D.C. journalists speak about election, media
October 2, 2007
Two veteran political journalists came to Iowa State on Tuesday night to speak about the current presidential election and the state of the mainstream media.
Brian Cooper, Chamberlin/Iowa Newspaper Foundation fellow and executive editor of the Dubuque Telegraph Herald gave introductions of the speakers.
He told the story of the 2000 presidential election in which the first speaker, Sandy Johnson, the Washington, D.C., bureau chief for The Associated Press, did not declare President Bush the winner even though others had.
“She was right. It took a Supreme Court decision to settle the matter in the following month,” he said.
Johnson later won an award for the decision.
She also talked about the current presidential race and offered some of her thoughts on the contest.
Although Sen. Hillary Clinton, D-N.Y., is leading in the polls, Johnson said she doesn’t think she will necessarily win the nomination.
“She appears to be comfortably ahead nationally for now, some are even using the word ‘inevitable,'” Johnson said. “But the conventional wisdom can be wrong. At this point four years ago, everybody thought Howard Dean had Iowa locked up. And just two months ago, John McCain was near death; the pundits screwed up again.”
Johnson talked about the challenge Clinton faces with Iowa.
“She has to win Iowa, which has not been kind to women running for high office,” she said.
National political writer for Gannett News Service Chuck Raasch delivered a lecture focused on the mainstream media and the uniqueness of this presidential election.
Raasch cited a number of reasons why this election is unique, saying this election is the most important since 1988, when he first started covering presidential politics.

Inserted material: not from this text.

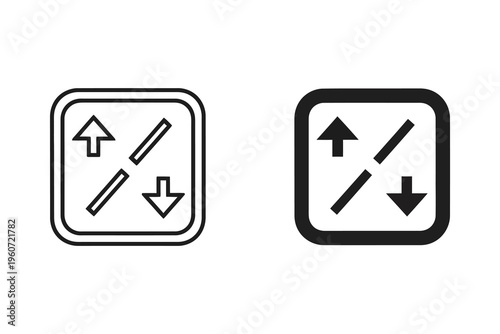 Expand and Contract Arrows Icon for Scaling or Full Screen - Outline & Solid Styles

“Unless dramatic change occurs, this will be the first election since 1972 that takes place during an unpopular war,” he said. “Although I think the historic comparisons are more comparable to 1968.”

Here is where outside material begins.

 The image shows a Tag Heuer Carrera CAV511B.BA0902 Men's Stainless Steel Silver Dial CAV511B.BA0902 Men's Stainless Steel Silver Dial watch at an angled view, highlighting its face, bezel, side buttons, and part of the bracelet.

He said the election is in a time of an “acrimonious, unresolved debate about immigration.”
“Which is really a proxy debate for a broader definition of what it is to be an American,” he said.
Raasch said the financial troubles occurring in the mainstream media must not overshadow the importance of journalism to the public. He said the fate of the media and American people are “intertwined.”
“We must not forget, we must never forget the civic bottom line that [Benjamin] Franklin talked about,” he said.
Raasch also had wishes for the mainstream media, which included to “lead more, follow less,” “not to be so defensive,” as well as to change what it reports.
“Tone down the tabloidization. When did we become so cynical as to think that Americans wanted wall-to-wall coverage of the idle rich?” he said.